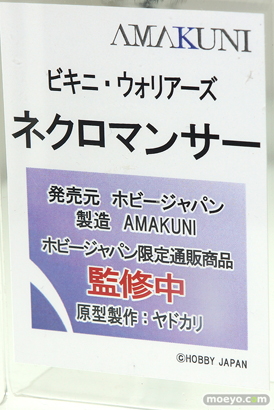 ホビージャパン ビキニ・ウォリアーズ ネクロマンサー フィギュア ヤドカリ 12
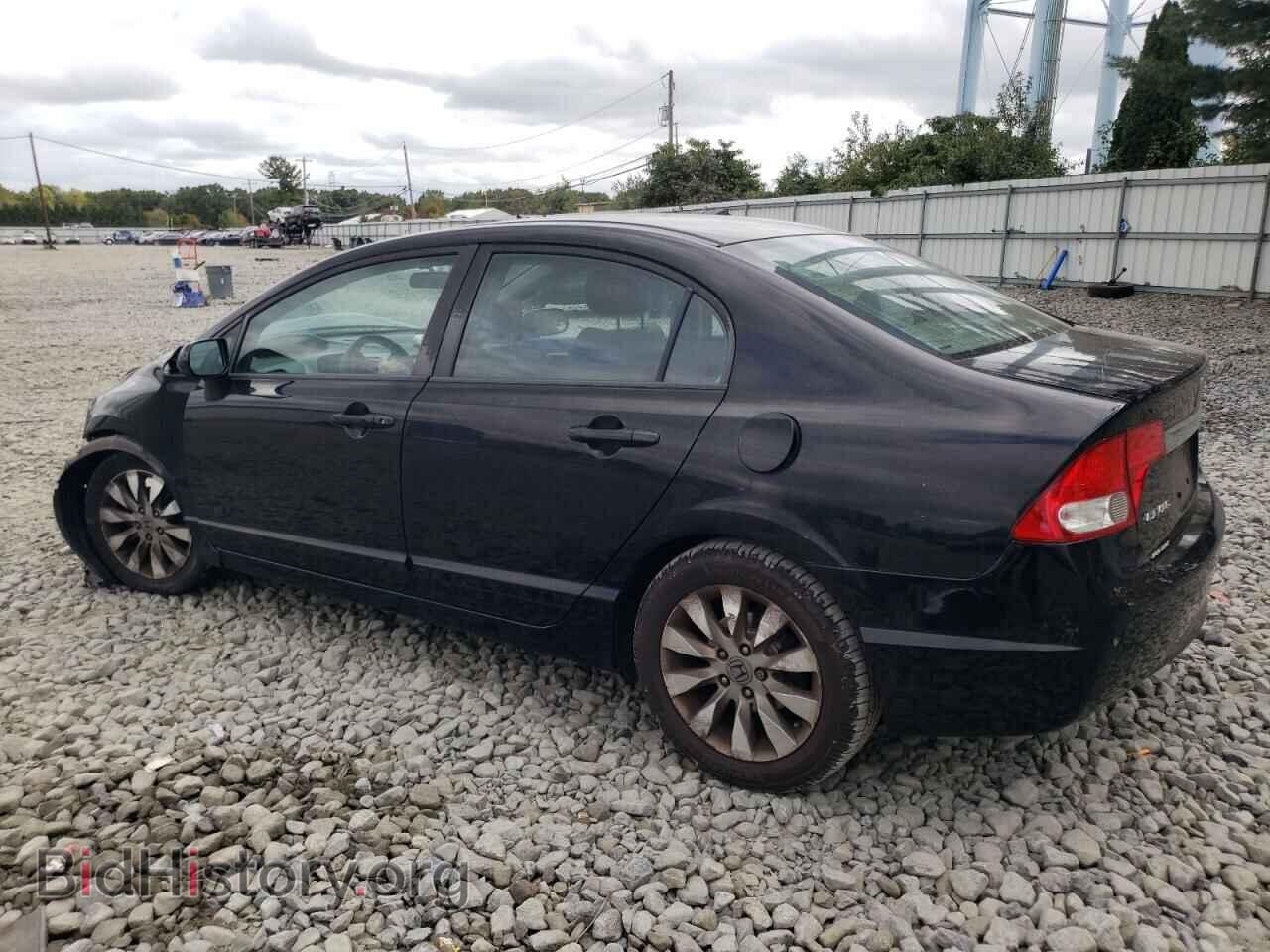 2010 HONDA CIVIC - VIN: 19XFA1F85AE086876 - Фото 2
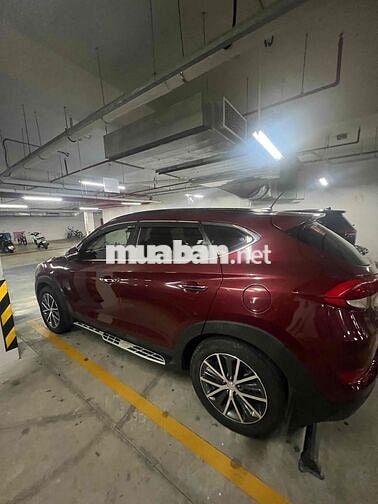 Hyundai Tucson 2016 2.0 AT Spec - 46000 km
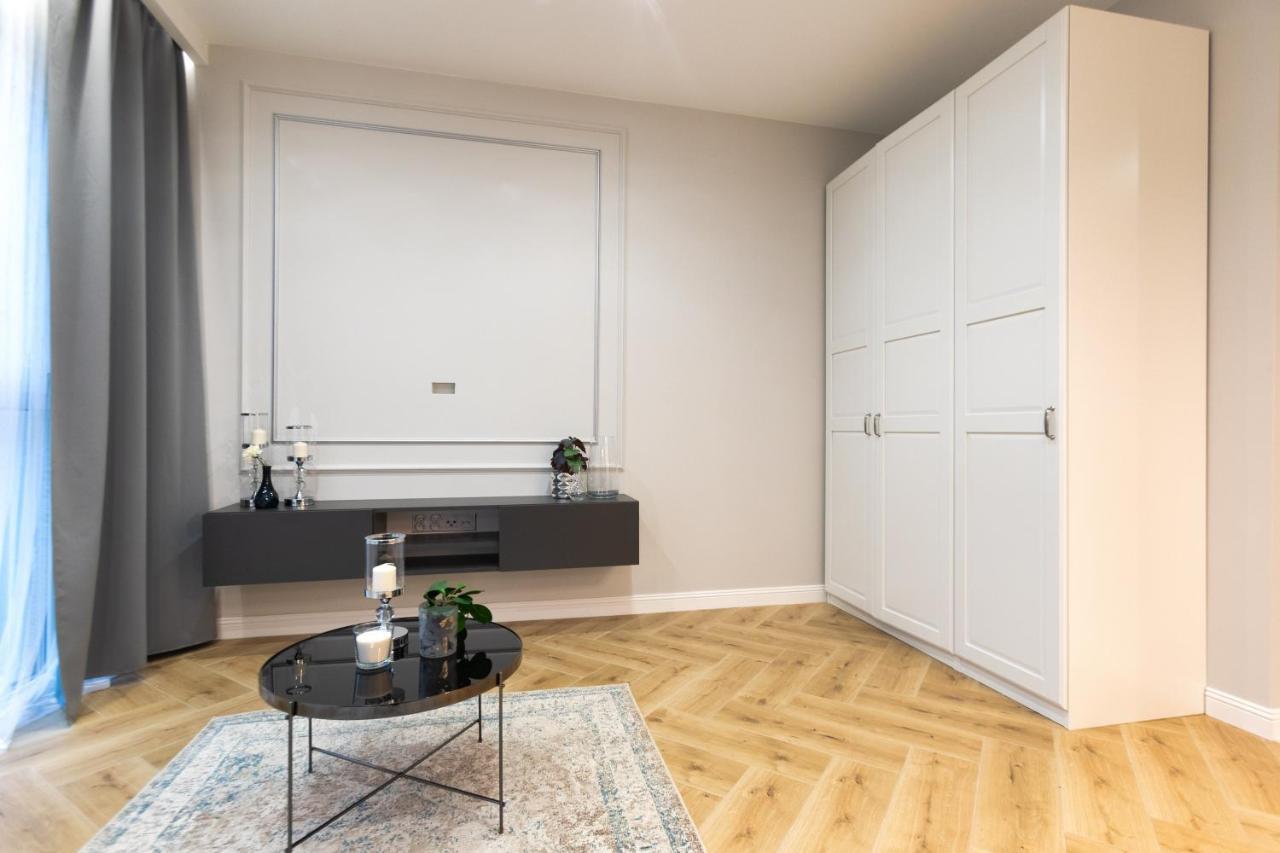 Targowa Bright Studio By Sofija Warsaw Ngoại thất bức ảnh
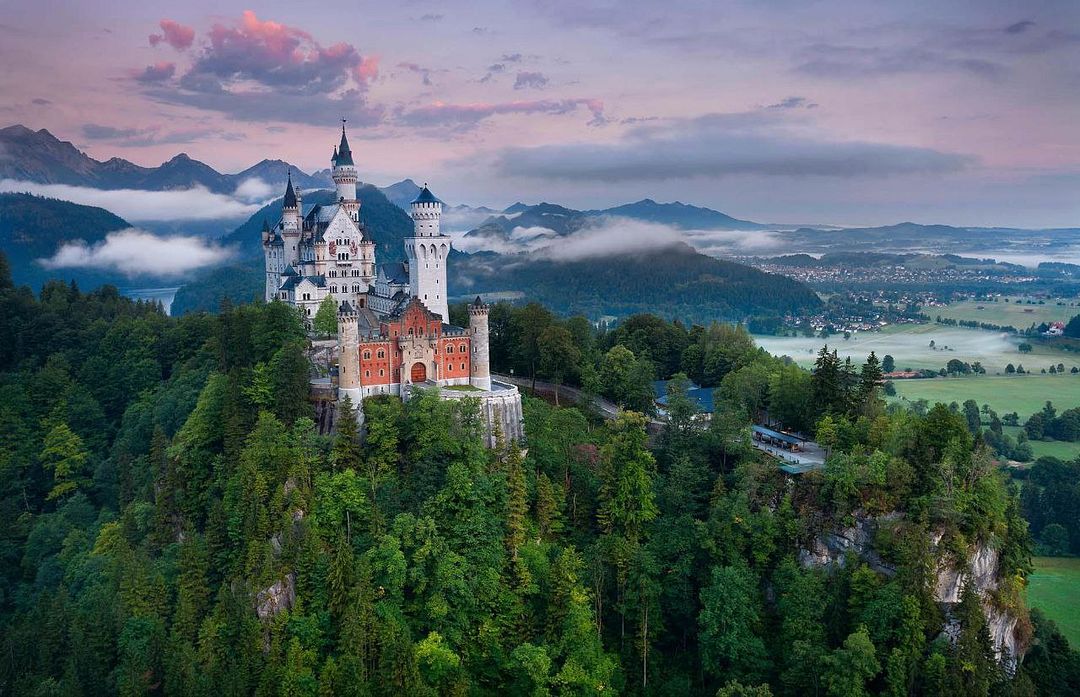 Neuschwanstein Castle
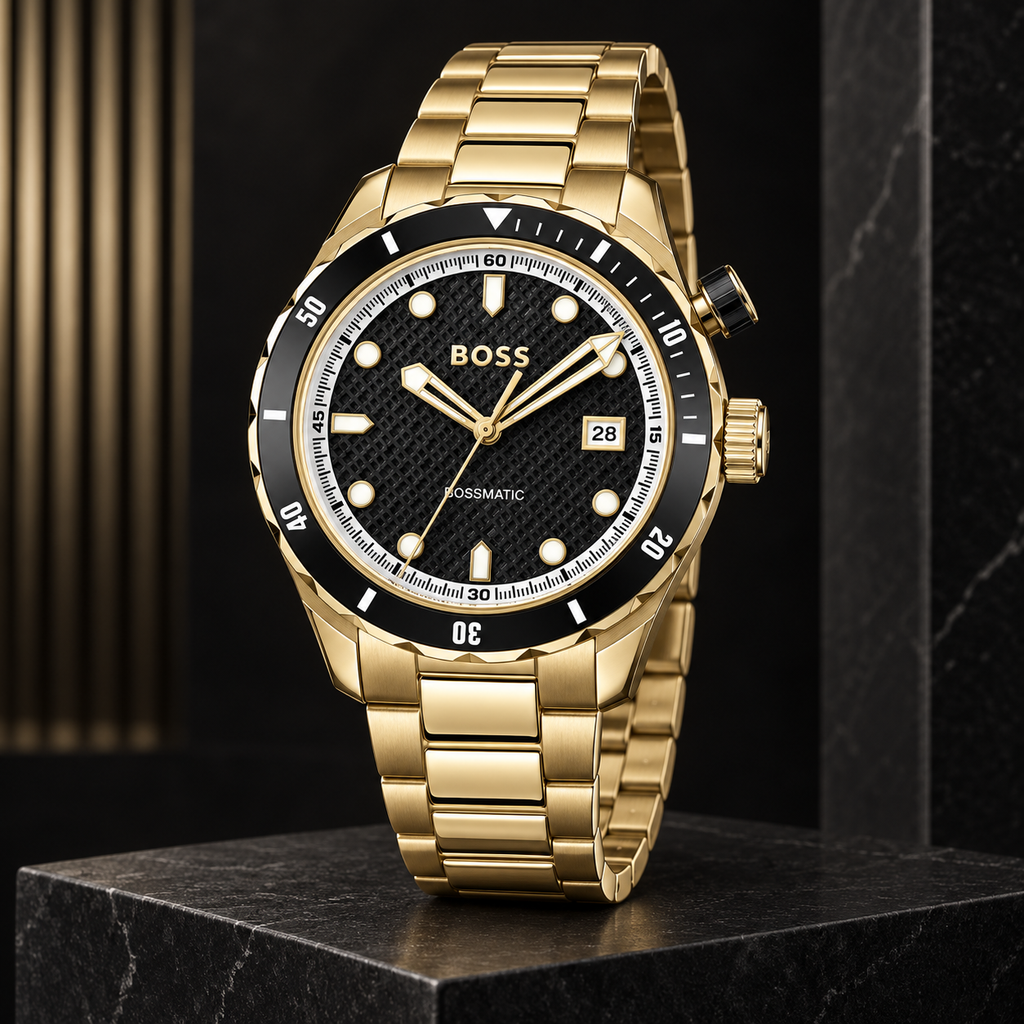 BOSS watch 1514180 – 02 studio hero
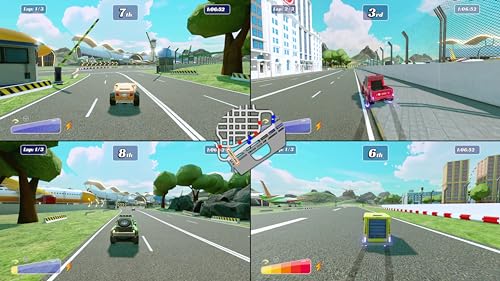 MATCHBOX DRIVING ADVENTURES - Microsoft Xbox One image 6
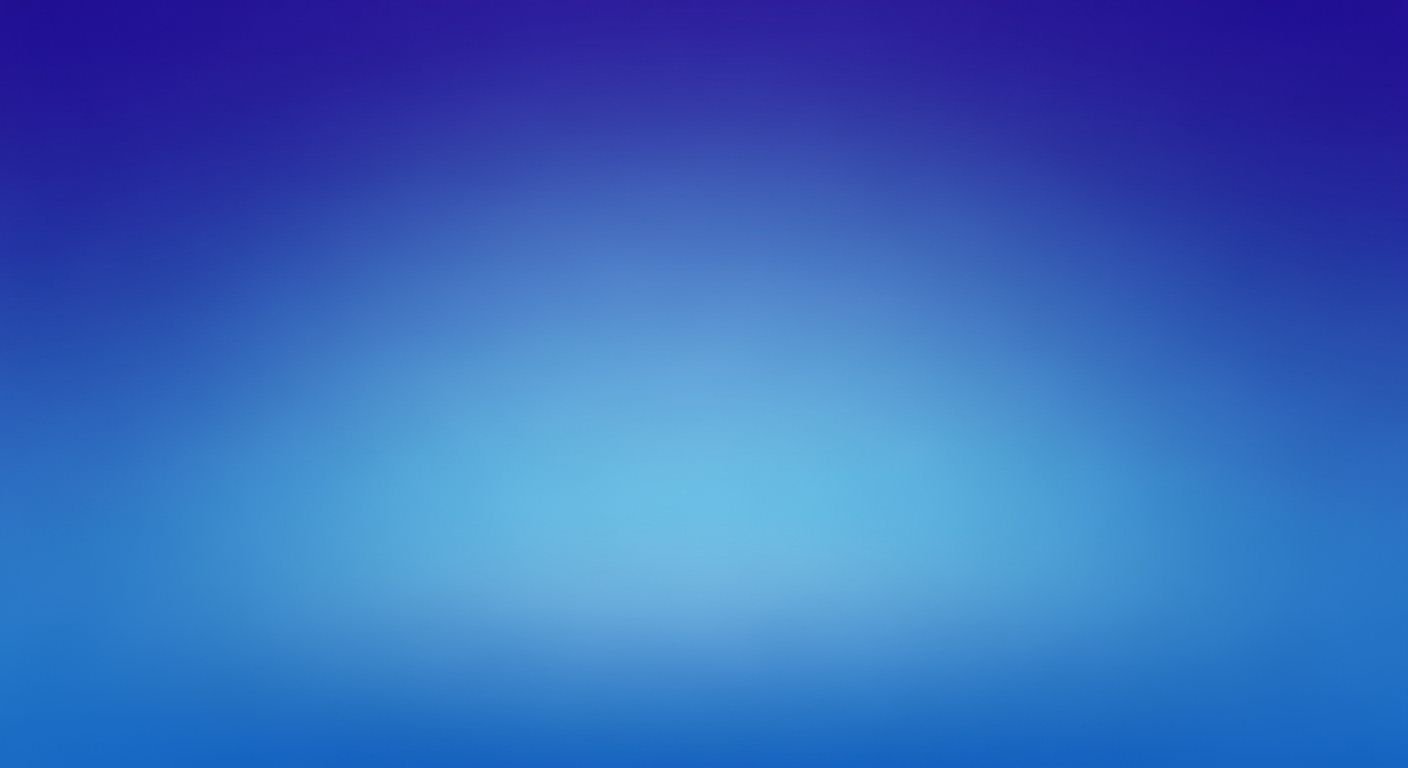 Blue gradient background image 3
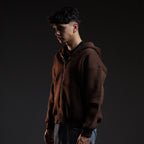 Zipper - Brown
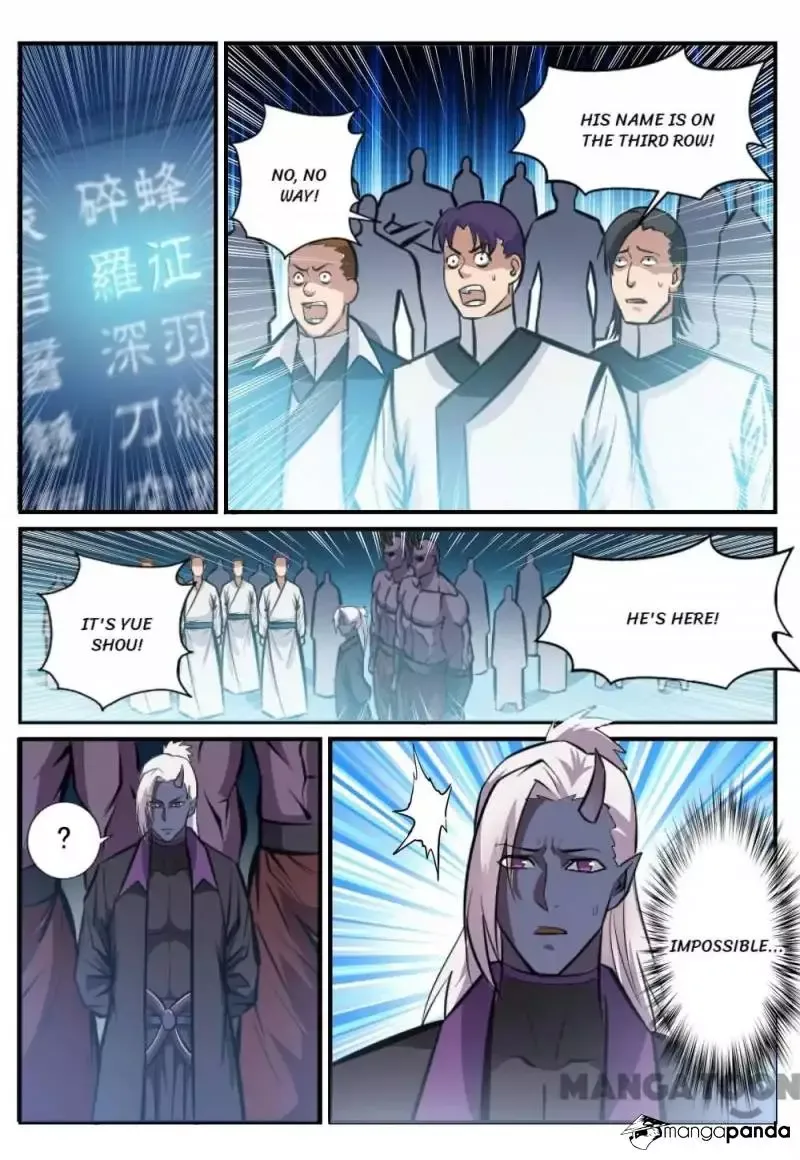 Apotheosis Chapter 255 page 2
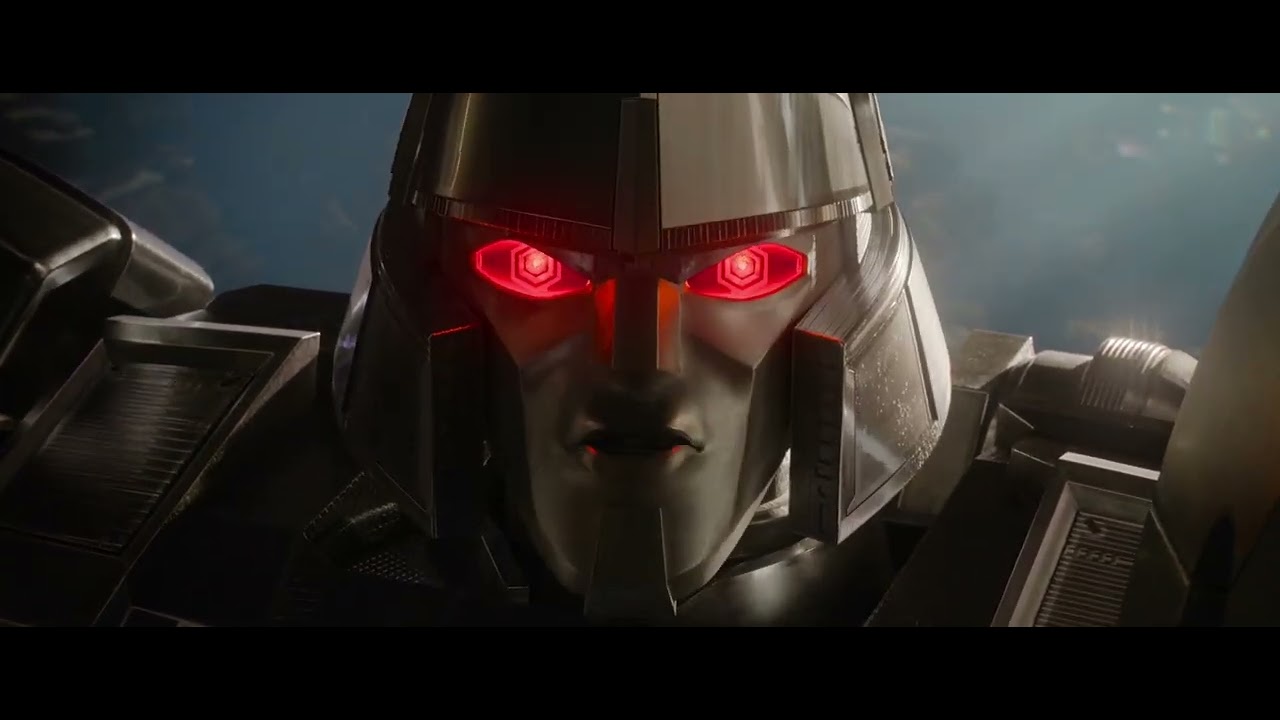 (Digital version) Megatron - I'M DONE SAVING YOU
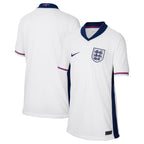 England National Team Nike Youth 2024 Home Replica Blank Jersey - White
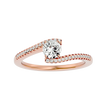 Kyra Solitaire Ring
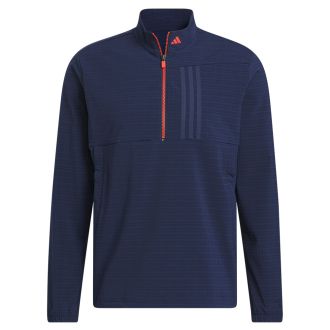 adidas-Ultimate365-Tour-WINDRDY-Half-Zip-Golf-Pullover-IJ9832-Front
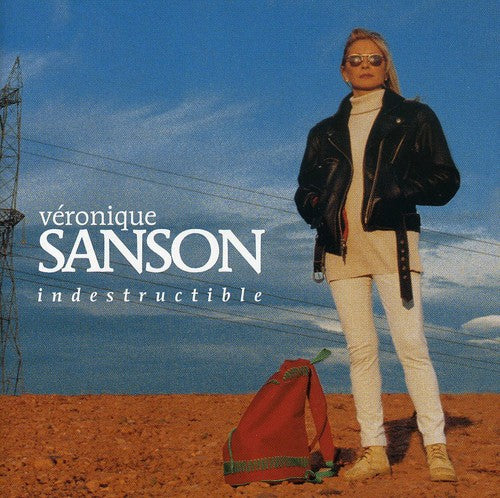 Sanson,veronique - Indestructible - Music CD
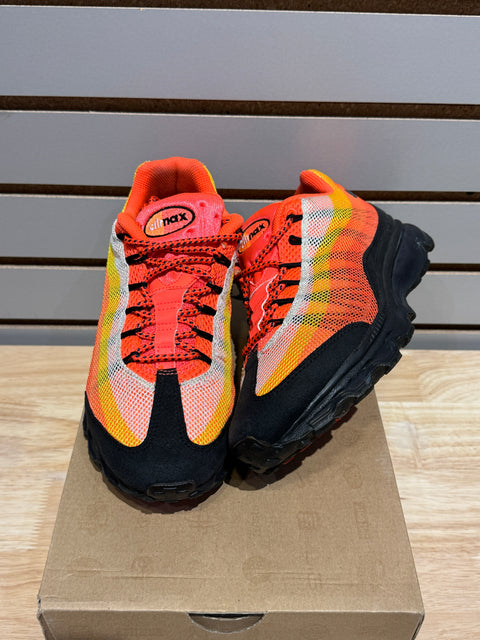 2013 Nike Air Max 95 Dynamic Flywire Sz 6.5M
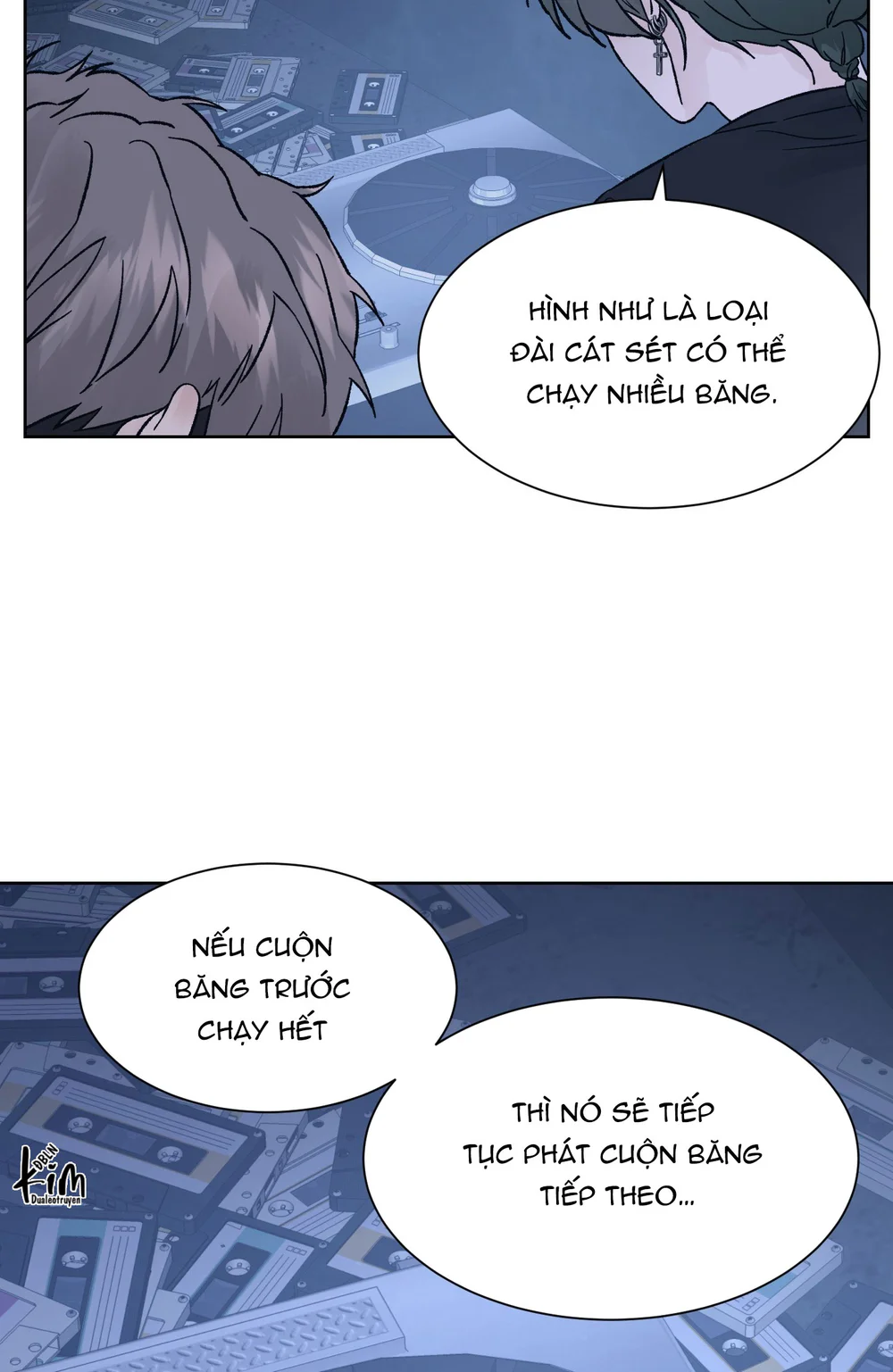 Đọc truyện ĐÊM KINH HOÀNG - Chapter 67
-*-
» **Assignment**
Without including the pictures, copy all of the data exactly.

» **Exercise solution**
 ホビージャパン ビキニ・ウォリアーズ ネクロマンサー フィギュア ヤドカリ 12
 2010 HONDA CIVIC - VIN: 19XFA1F85AE086876 - Фото 2
 Hyundai Tucson 2016 2.0 AT Spec - 46000 km
 Targowa Bright Studio By Sofija Warsaw Ngoại thất bức ảnh
 Neuschwanstein Castle
 BOSS watch 1514180 – 02 studio hero
 MATCHBOX DRIVING ADVENTURES - Microsoft Xbox One image 6
 Blue gradient background image 3
 Zipper - Brown
 Apotheosis Chapter 255 page 2
 (Digital version) Megatron - I'M DONE SAVING YOU
 England National Team Nike Youth 2024 Home Replica Blank Jersey - White
 Kyra Solitaire Ring
 adidas-Ultimate365-Tour-WINDRDY-Half-Zip-Golf-Pullover-IJ9832-Front
 Sanson,veronique - Indestructible - Music CD
 2013 Nike Air Max 95 Dynamic Flywire Sz 6.5M
 Đọc truyện ĐÊM KINH HOÀNG - Chapter 67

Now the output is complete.